• PROBLEM DETAILS
Each line of the data below holding the word "bright" must be copied.

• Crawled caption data
======
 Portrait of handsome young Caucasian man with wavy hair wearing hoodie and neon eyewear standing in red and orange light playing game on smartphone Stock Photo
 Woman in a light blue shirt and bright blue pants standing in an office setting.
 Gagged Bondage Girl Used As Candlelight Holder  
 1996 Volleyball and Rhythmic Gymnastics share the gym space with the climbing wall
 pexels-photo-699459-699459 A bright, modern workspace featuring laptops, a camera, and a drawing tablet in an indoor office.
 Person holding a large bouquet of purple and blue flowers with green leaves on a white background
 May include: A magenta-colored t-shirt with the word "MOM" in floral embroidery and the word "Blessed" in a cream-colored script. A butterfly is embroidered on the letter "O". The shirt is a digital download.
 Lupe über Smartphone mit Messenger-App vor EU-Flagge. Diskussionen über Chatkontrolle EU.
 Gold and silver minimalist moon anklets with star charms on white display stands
======
• ANSWER FOR THIS EXERCISE
 Woman in a light blue shirt and bright blue pants standing in an office setting.
 pexels-photo-699459-699459 A bright, modern workspace featuring laptops, a camera, and a drawing tablet in an indoor office.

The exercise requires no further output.